There’s a reason why we hadn’t heard of turn of the century new wave revivalists The Futureheads for so long. Frontman Barry Hyde began to see the first subtle signs of bipolar disorder right when the Sunderland band catapulted into the public consciousness, an illness that he’s been able to overcome even if it brought many a change. Hyde is now sailing through calmer waters, through before moving on he had to find some relief by documenting those experiences on his first solo effort, Malody.

The first that immediately stands out about Malody is how it couldn’t further remove itself from the Futureheads’ frenzied guitar assaults. There’s still some urgency found within some of Hyde’s spare piano compositions, seeing as he’s an artist who finds some kind of comfort when things are in complete disorder and confusion. He can’t dishonor these autobiographical accounts: "Who am I? / Monster again”, Hyde repeats over and over while he pounds the keys with an incensed helplessness. His honest sentiments are tactfully theatrical, chronicling different complex emotions in the company of a deep, pervasive sense of loneliness.

It’s a rather entertaining exercise to imagine some of Hyde’s more urgent arrangements as Futureheads songs with a classical spin - Blixer is a one-minute instrumental that showcases Hyde’s natural ability to create melodies out of antsy urges. Moreover, the storming While We Were Sleeping is a powerful, somber tune that begins with a sour, burnished piano tone until it gathers its strength with a furious chorus that seems to painfully recount Hyde’s own marital separation. It’s a cathartic moment on the album that is hard to shake, and even harder to forget, one that brings an unexpected profundity to an artist who’s always been easily written off for only delivering fast tempo changes and pop thrills.

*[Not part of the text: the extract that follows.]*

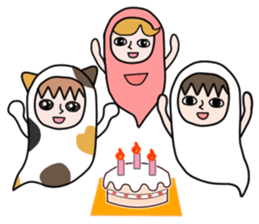 Guardian angel cat MIKE 2 sticker #4305258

In fact, some of Malody’s strongest moments are the ones when Hyde is at his most composed and collected. The harrowing Lonely seems straightforward at first: he softly coos his words as a rich minor chord assuages his sorrow, and then comes this pressing need to let it all out with a a roundabout, almost percussive clamor as he cries, “I still love you”. He expertly segues Prince’s plaintive ballad Sometimes It Snows in April with his very own Thunder Song, which begins in a key that’s similar to April; it immediately changes into a soulful ballad that culminates Malody into a grand finish, with a dramatic orchestral contrast that further accentuates Hyde’s nimble piano playing.

Hyde never sensationalizes his life story in an attempt to gather some pathos; simply put: Malody is an album that he needed to make. It does bring fascinating insight into an artist who maybe wasn’t fit for a more fast-paced lifestyle, one who’s finally found his center after fighting those uncontrollable behaviors. Malody reflects that path with unflinching bareness. It’s a buoyantly hopeful album where Hyde gives a final wave goodbye to his darkest days before moving on to greener pastures.